PROVIDED RECORDS:
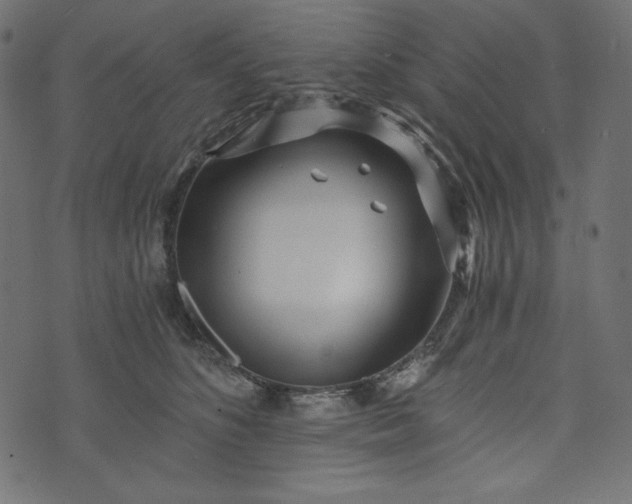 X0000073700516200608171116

==

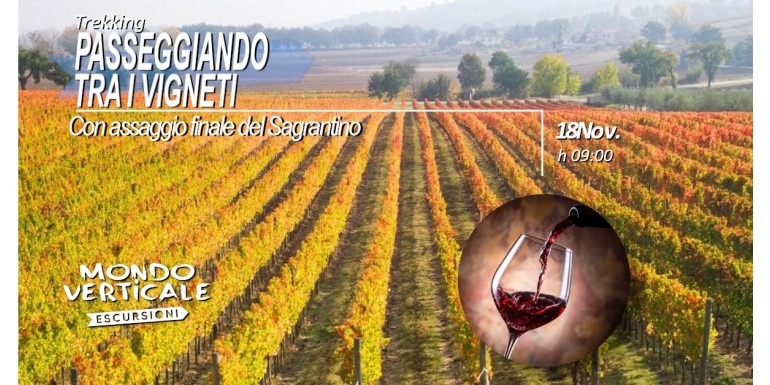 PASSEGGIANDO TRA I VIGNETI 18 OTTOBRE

==

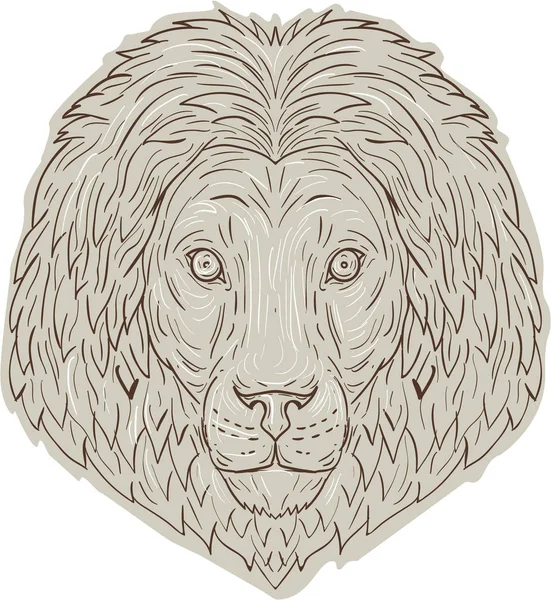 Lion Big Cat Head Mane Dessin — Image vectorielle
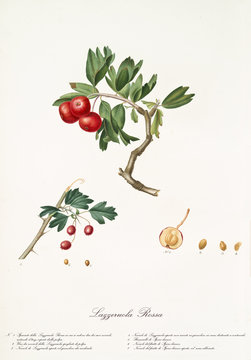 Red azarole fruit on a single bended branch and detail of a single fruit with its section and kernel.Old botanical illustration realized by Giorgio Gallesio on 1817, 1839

REQUIRED WORK:
Between and including the line above that contains "Lion Big Cat" and the line that contains "Red azarole fruit", restate every line word for word. Pictures stay out.

FINAL ANSWER:
 Lion Big Cat Head Mane Dessin — Image vectorielle
 Red azarole fruit on a single bended branch and detail of a single fruit with its section and kernel.Old botanical illustration realized by Giorgio Gallesio on 1817, 1839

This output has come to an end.